# Deaf puppy needs the right home



## KofKent (Jan 1, 2011)

My young neighbour purchased a female staffie from a Mike in Margate recently. When she took Bella to the vets to have her jabs, she mentioned that Bella wasnt responding when called. Upon checking Bella, the vet pronounced her deaf as well as having ear mites. It may be the ear mites caused the deafness, i dont know. Mike from Margate has refused to take the puppy back so my neighbour is in a situation. She loves Bella but the responsibility is too great for someone of only 17.

Bella is now 3mths old, white and absolutely adorable. She needs someone with experience and patience to enable her to have the happy life she deserves.

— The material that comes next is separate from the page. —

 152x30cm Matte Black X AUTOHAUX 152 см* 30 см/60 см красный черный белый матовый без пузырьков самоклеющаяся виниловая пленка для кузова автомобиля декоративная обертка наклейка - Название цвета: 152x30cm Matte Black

If you can advise/help, give any guidance, it would be much appreciated.

Kirsten
Gravesend, Kent.


----------



## Sled dog hotel (Aug 11, 2010)

Many people have had deaf dogs and trained them sucessfully. Tell her to look at Help with training your deaf dog from Barry Eaton There is also a book by a trainer called Barry Eaton called Hear,Hear It is possible to still train her using body and sign language. With training there is no reason your neighbour and the dog cant live a full and happy life. There is also a Forum called D for Dog Forum, They have owners of deaf dogs on there and apparently there is also a deaf Dogs section on the main website D for Dog - Deaf Dog information. She may find some support there.


----------



## PoisonGirl (Oct 24, 2008)

I have sent you a pm.


----------



## FriendsOfTheAnimalsRCT (Jan 28, 2010)

One of many reasons why not to buy dogs/pups 

First of all... deaf dogs aren't as hard to train as you may think - I am 16 and have singled handedly trained an elderly deaf dog who'd never been trained as a deaf dog before as old owner didn't notice she'd gone deaf 

But if he does want to re home this pup please get him into a rescue or this poor pup will end up in the wrong hands as scammers and breeders pray on this sort of ad.

Try:

Dogs needing a home - Last Chance Animal Rescue - a charity to rescue animals
Dogs Trust - Home
Foal Farm
The Mayhew Animal Home - Welcome
Welcome to South East Dog Rescue!!!! - South East Dog Rescue

Just a few of many xxx


----------



## animallady1 (Jan 4, 2011)

Hello Please don't be put because the little pup is deaf we have a beautful deaf boxer and she knows signing it isn't too hard to train a deaf dog and it is very rewarding too.Must admit i am tempted too
I am not sure where abouts you are based but if you do need to rehome the little pup i know a lovely rescue though based in cornwall jan will take in dogs all over uk and special needs isn't a problem to her her number is 01326 560536 if this helps .


----------



## KofKent (Jan 1, 2011)

Hi

Thanks so much to everybody that has responded. I have been away for a couple of days. Im going to speak to my neighbour tomorrow about Bella. 

Thanks again.


----------



## animallady1 (Jan 4, 2011)

Any news on what is happening with this little pup?


----------



## KofKent (Jan 1, 2011)

Hi

My neighbour still has Bella. She is such a big strong solid girl and so cute. She has decided to give Bella up to a rescue home so she can be found the right home. This is the plan but it will be very hard to let her go.


----------



## FriendsOfTheAnimalsRCT (Jan 28, 2010)

If she can't stay with her owner then a rescue home is the best place for her as they'll be able to find her a 5* home xxx


----------



## KofKent (Jan 1, 2011)

Update on Bella.

My neighbours uncle's neighbours have taken in Bella. Nice that my neighbour will still have contact with Bella and see how she progresses. 

Thank you for all your advice and support.

Kirsten


----------